*Information provided:*
━━━━

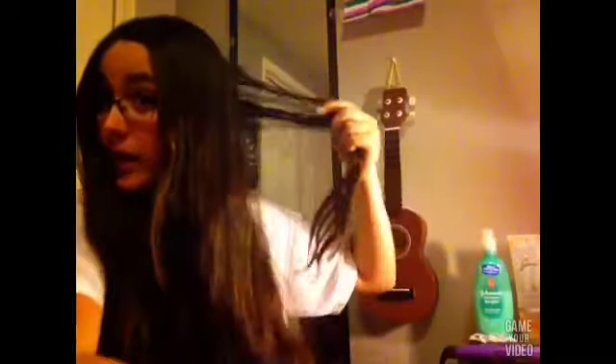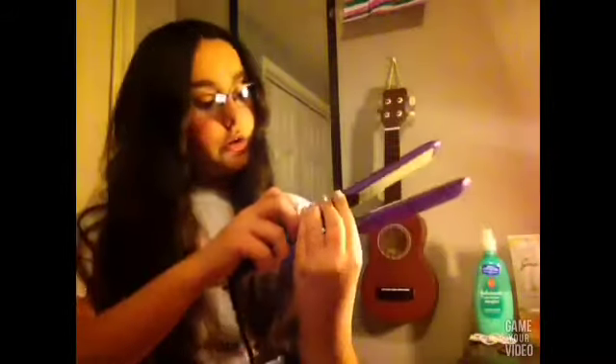So now that we've brushed our hair, my hair is a little wet. I'm going to set my hair straightener to as high as it'll go. I'm not sure how to do that.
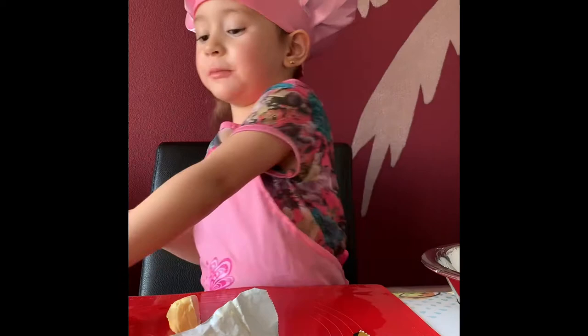Hello, it's me, 4 years old. My name. Today I'm making some cookies.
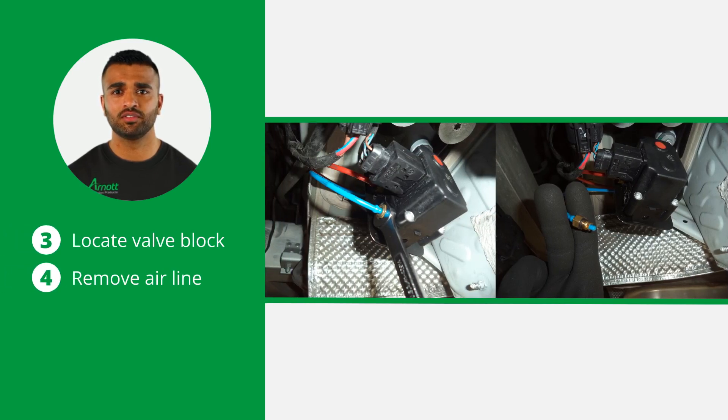Locate the valve block near the compressor on the rear of the vehicle. Remove the applicable air line to deflate the rear air spring. This step is crucial for safely removing the air spring.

━━━━

*Task goal:*
A faithful, word-for-word copy of the data is needed; the pictures should not appear in it.

*Expected output:*
So now that we've brushed our hair, my hair is a little wet. I'm going to set my hair straightener to as high as it'll go. I'm not sure how to do that.
Hello, it's me, 4 years old. My name. Today I'm making some cookies.
Locate the valve block near the compressor on the rear of the vehicle. Remove the applicable air line to deflate the rear air spring. This step is crucial for safely removing the air spring.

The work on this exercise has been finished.